With enough data, any problem can be understood. Solving it is another matter.

With enough data, any problem can be understood. Solving it is another matter.

I’ve used that phrase a few times, and it continues to ring true. The challenge to this bit of wisdom comes from my security industry colleagues in the form of a complaint that we simply don’t have enough data. We see this thinking in the “log everything” mandates going out from information security departments, and the fact that almost every security organization I’ve met in the last six months is evaluating various threat intelligence and other data feeds for their already overloaded SIEM platforms.

With all the available internal data from logs across the hundreds or thousands (or tens of thousands and so on) of endpoints you likely own, there is a virtual deluge of information available. It’s like trying to squeeze a hippopotamus through a doggy door. In many cases enterprise security is not even taking advantage of two key pieces of data that already should be available to them. I say should because there are a few exceptions here.

What, pray tell, are these two key pieces of information? Simple! Your DNS query records and your IP address information from your DHCP infrastructure. I realize DNS was a big buzz a few years ago and has faded back into obscurity, but it’s time to realize what we’ve got here. Additionally, many of you won’t ever have the occasion to look at your DHCP logs primarily because they’re managed by either network infrastructure or systems teams, and you won’t have access. Such a shame.

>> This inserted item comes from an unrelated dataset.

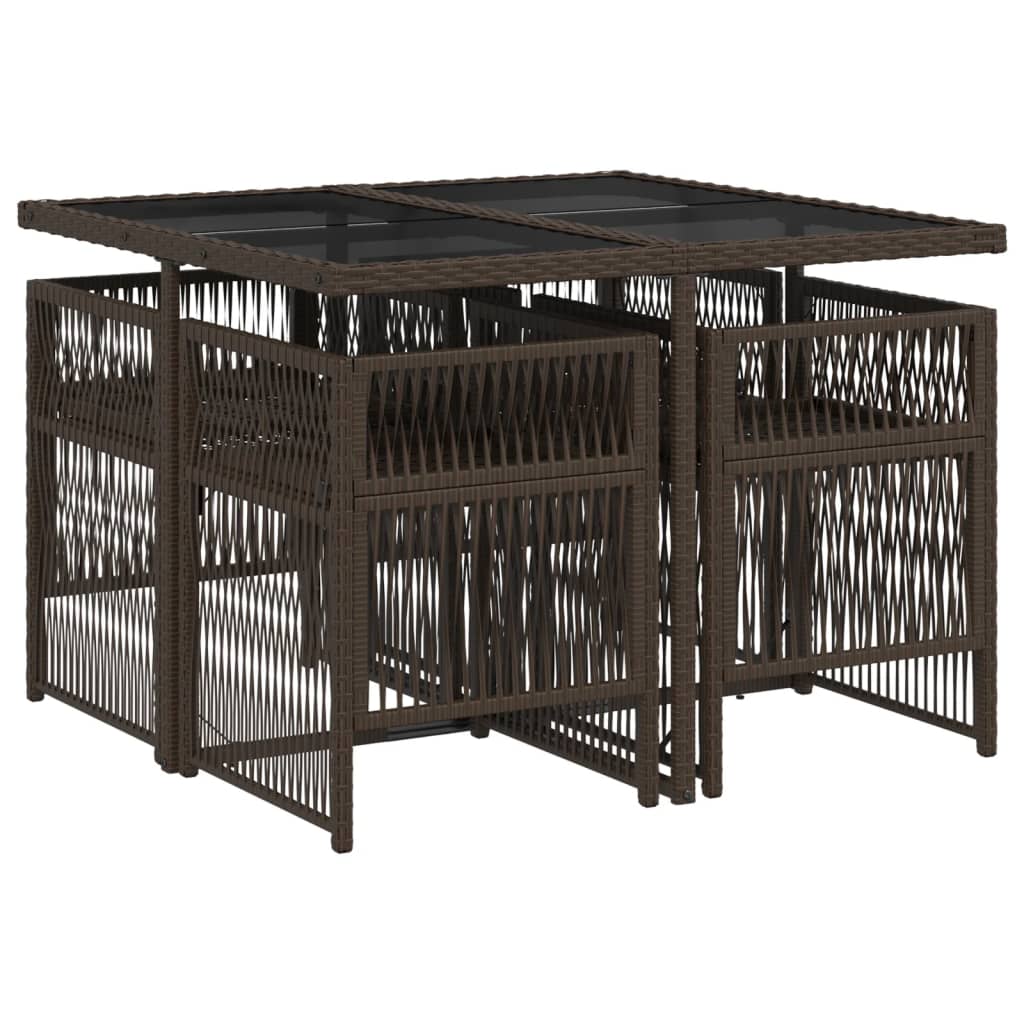 vidaXL Set mobilier de grădină, 5 piese, cu perne, maro, poliratan vidaXL Set mobilier de grădină, 5 piese, cu perne, maro, poliratan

Analyze DNS Logs for SecurityThese two key pieces of data from your network infrastructure are invaluable to your security analysis – yet you likely don’t ever look at it, you most certainly don’t have access to it and you probably wouldn’t be able to make sense of it if you had it. Again, such a shame.

So let’s talk about what having this information means and why you must get it right now.

First, let’s start with DNS. Today’s adversaries know you can block an IP address pretty quickly. Therefore, if they design their malware to communicate with specific IP addresses someone will find those through either reverse engineering or monitoring and, as a result, be able to block them. So rather than hard-coding IP addresses into malware, authors have relied on domain-generation algorithms to generate potentially thousands of DNS host names that to which their bugs will attempt to connect. They then can cycle those domain records quickly to point to different IP blocks and even generate entirely different domains/subdomains when the ones to which they’re connecting go dark. Your defense here is your DNS infrastructure.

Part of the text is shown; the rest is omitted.